Goh CL. Int Sports Law J 2020; 20(1): 36-54.


(Copyright © 2020, Holtzbrinck Springer Nature Publishing Group)






Every 4 years, the Paralympic Games (both the Summer and Winter editions) showcase the sporting performances of disabled persons. The Paralympic Movement has strived to promote the inclusion of disabled persons into society through sports, but the endeavours of the Paralympic Games are limited due to various features of the said Games, from the limitations of disability classification at the Paralympic Games, the increasing prominence of technology in disability sports, to the inapt media portrayal and 'supercrip' campaigning at the Paralympic Games. The Paralympic Games, as a separate sporting event from the Olympic Games, also exacerbate and reinforce the medical perception of disabilities in society.

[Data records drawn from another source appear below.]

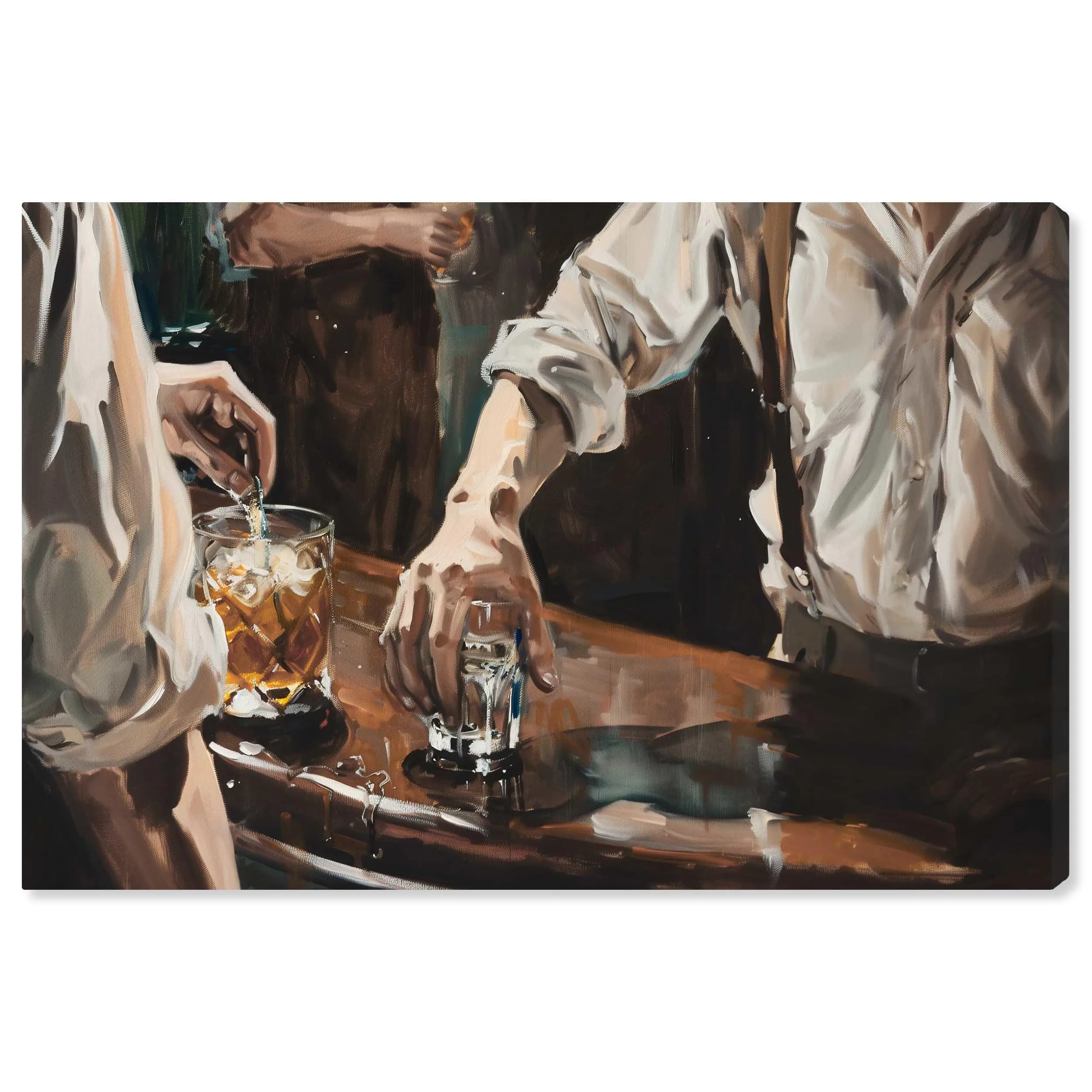 NotoriArt Together For Drinks Framed Wall Art 25" x 37" | Modern Food & Beverages Motif — Gallery Wrapped / 16"L x 24"W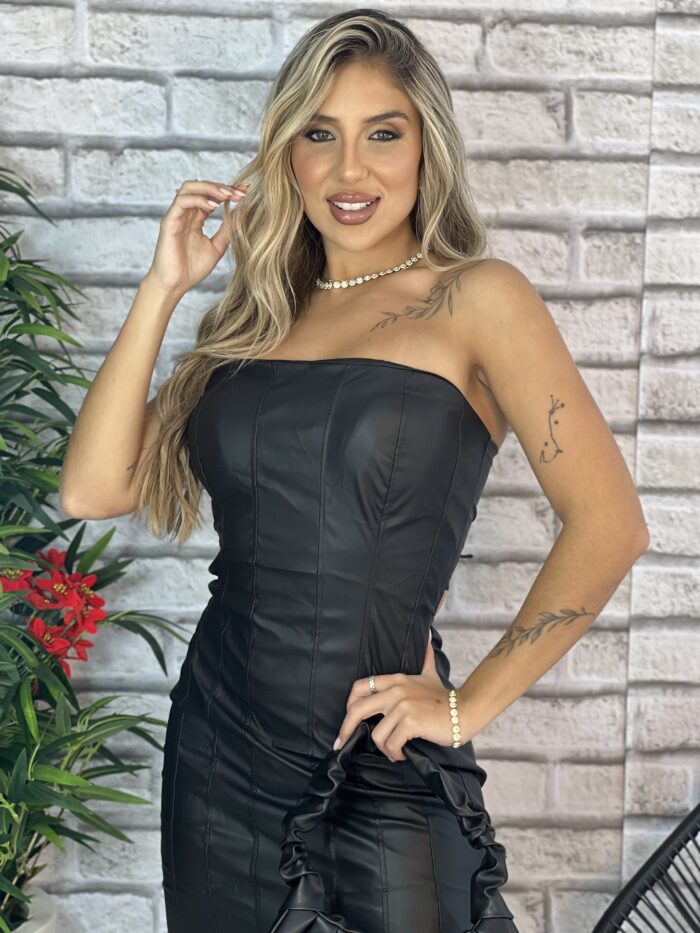 vestido courino kyara preto vestido courino kyara preto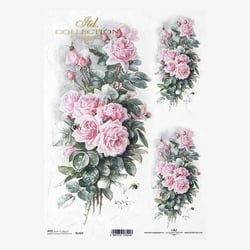 1 feuille de papier de riz 21 x 29,7 cm Itd Collection ROSE ROSIER 1209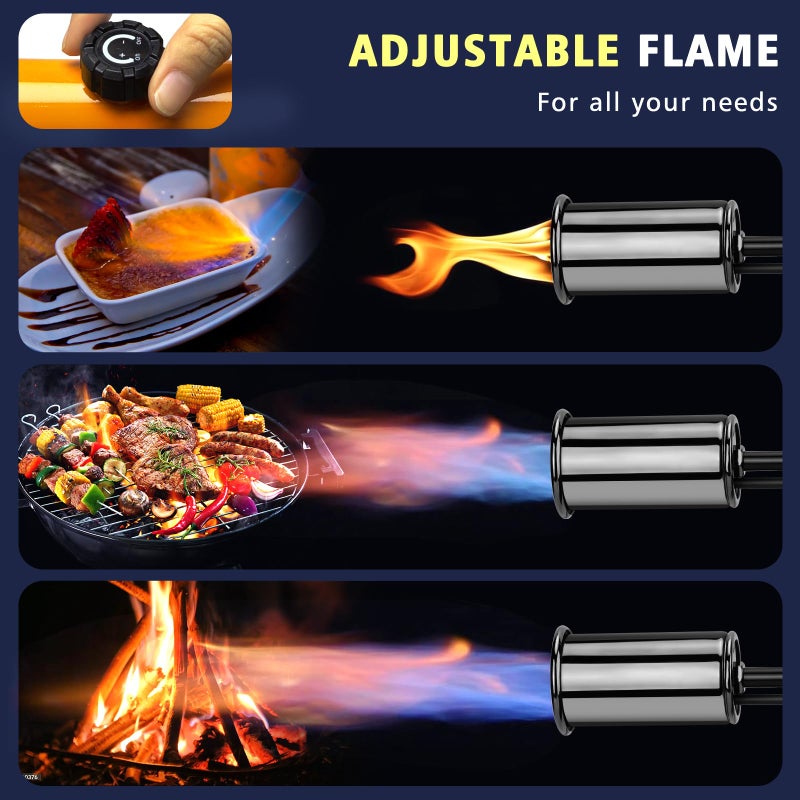 ARTFLAMM Powerful Propane Torch Gun, Flamethrower with Turbo Mode, Charcoal Torch Lighter with Safety Lock, Kitchen Blow Torch for Cooking, BBQ, Searing Steak, Grill(Tank Not Included) - Image 4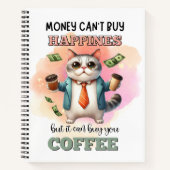 Money Can't Buy Happiness Funny Cat Lover Gift  ノートブック (正面)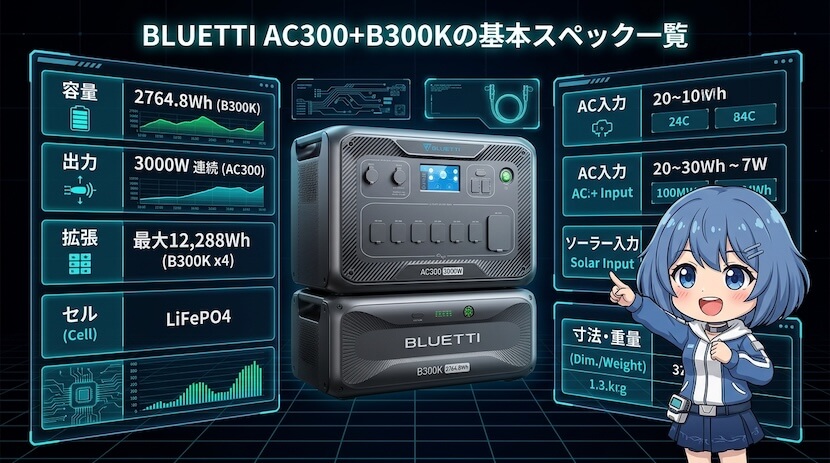 BLUETTI AC300＋B300Kの基本スペック一覧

This paper discusses the extent to which the Paralympic Games has promoted the inclusion of disabled persons into society through sports, in light of the human rights framework found in the Convention of the Rights of Persons with Disabilities and other core international human rights treaties. This paper will conclude that while the Paralympic Games is limited in its endeavours, the said Games does promote sports for disabled persons as an ideal and an endeavour as an elite sport for disabled person, as part of the Paralympic Movement, as well as espouse the enjoyment of fundamental rights and freedom for disabled persons in society. This paper will also proffer recommendations which can be embarked upon to promote better inclusion of disabled persons into society through the Paralympic Games.